In many ways, successful leadership begins with honesty. Being upfront about your successes, failures, and reasoning for choosing certain strategies and goals over others will earn the respect of your team.

Being honest isn’t always easy, because it requires communicating both the good and the bad. It’s not about popularity, but rather about integrity.

Being an honest leader also includes being publicly transparent. When you’re honest and transparent, it’s easier to get everyone on the same page and earn the trust of your employees and community when trying to achieve your strategic goals.

Conducting communication in a no bruise manner and removing any brutal connotation is a great example to others on how to still get your point across without placing the other person on the immediate defensive.

  1. Diplomacy

Honesty is always the best policy, but successful leadership often requires you to be tactful. Diplomacy is a learned skill that helps leaders effectively manage conflict using negotiation and sensitivity. It requires an unbiased, strategic approach to problem solving.

It’s inevitable when planning and executing your strategy that you’ll deal with disagreements and competing priorities. Having different points of view ultimately strengthens your workplace, but it’s a reality that can be difficult to manage in the short term. Successful leadership is being able to navigate these difficulties and turn them into wins whenever possible. There is such a thing as positive conflict if everyone supports the outcome and wants to share in success.

  1. Empathy

Being empathetic doesn’t mean you’re the organisation’s resident therapist. It means you try to understand your team’s problems by seeing things from their perspective. Practicing empathy creates meaningful connections because leaders develop an awareness of the challenges and needs of a team, versus sitting oblivious in an ivory tower.
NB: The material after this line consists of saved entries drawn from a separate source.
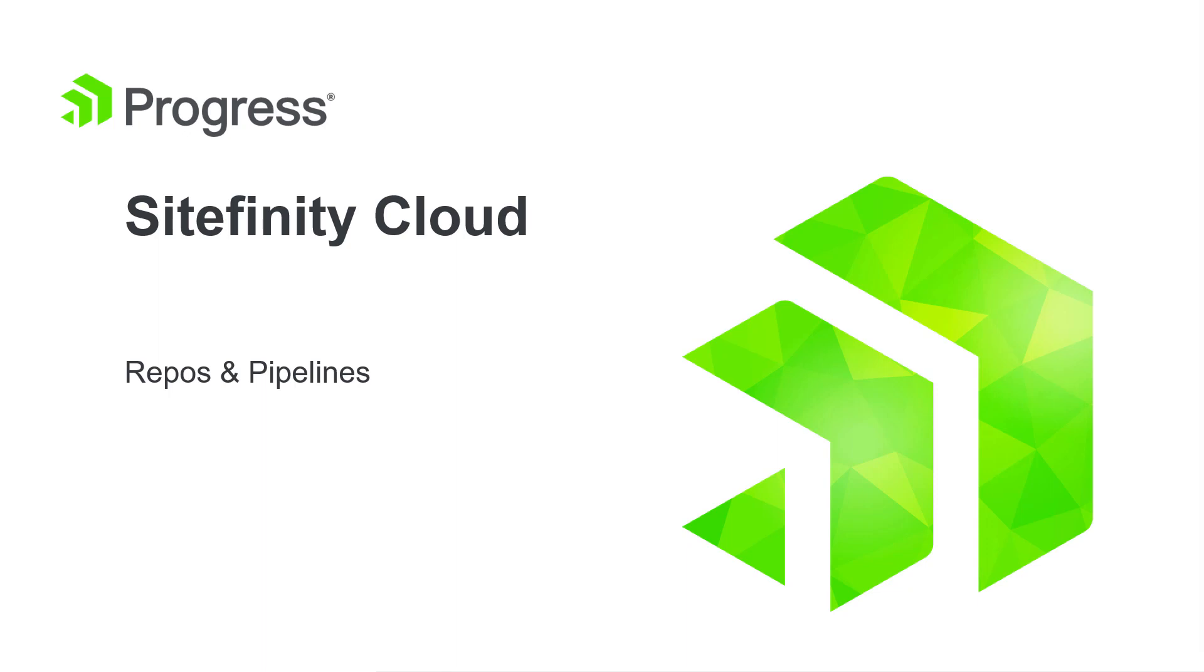In this video, we'll look at the user interface for Sitefinity Cloud and learn more about repos and pipelines.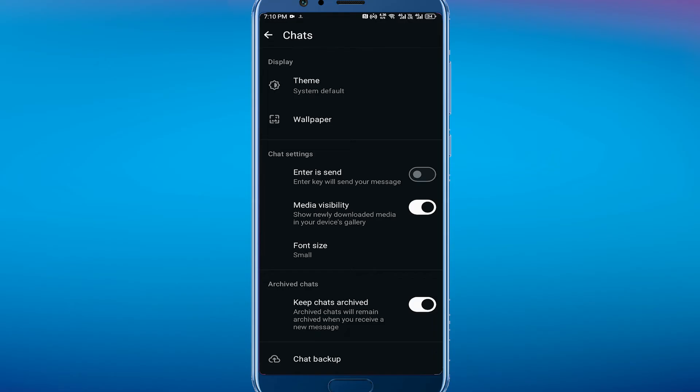So we want to turn off Media Visibility. What this does is stop WhatsApp from saving things to your device. When you look at any media through WhatsApp - whether it's a picture, video, or anything like that - all of that stuff will get automatically saved to your device unless you turn Media Visibility off.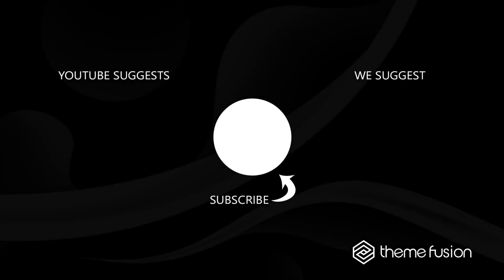OK, this concludes our video on how to set up an Avada staging site. Make sure you subscribe to our YouTube channel to keep up with all the latest videos. And if you have any questions or need assistance, please create a support ticket and our team will gladly assist you. As always, we want to thank you for choosing Avada.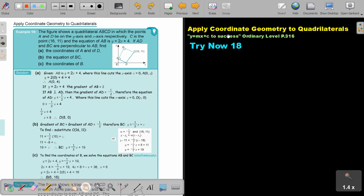Apply coordinate geometry to quadrilaterals. We are now going to look at a second example. You will find this on page 316 in the Namibia Ordinary Level Mathematics textbook, y equals mx plus c to success.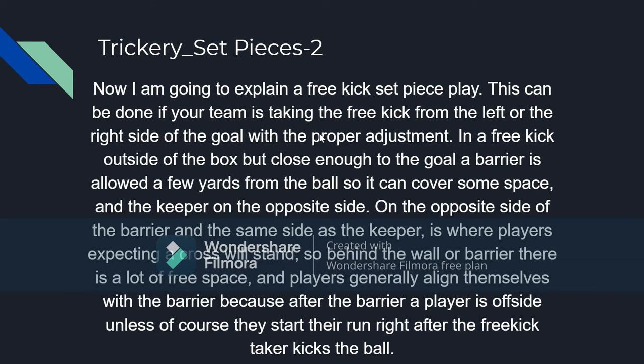This can be done if your team is taking the free kick from the left or the right side of the goal, with a proper adjustment of course — a free kick outside of the box but close enough to the goal. A barrier is allowed a few yards from the ball so it can cover some space, and the keeper is on the opposite side of that barrier. On the same side as the keeper is where players expecting a cross will stand. So behind the wall or barrier, there is a lot of free space.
Aside from the interpersonal benefits, empathy is also a practical tool. When you truly understand what it takes to execute a strategy, you’re able to set more realistic goals and timelines. Empathetic leaders gain the respect of employees and are more likely to successfully execute strategies.

  1. Humility

Humility is one of the most respected successful leadership qualities. Humble leaders admit their mistakes, apologise when necessary, and always share credit. This behaviour makes you more relatable, it’s also simply a best practice to empower and reward others instead of acting like the smartest person in the room.

Practice humility not only with other people, but with your planning and processes. This means recognizing you don’t know everything and some of the best strategies have flaws. By being open to learning and leaving your ego at the door, you’re more prepared to help your business adapt and improve.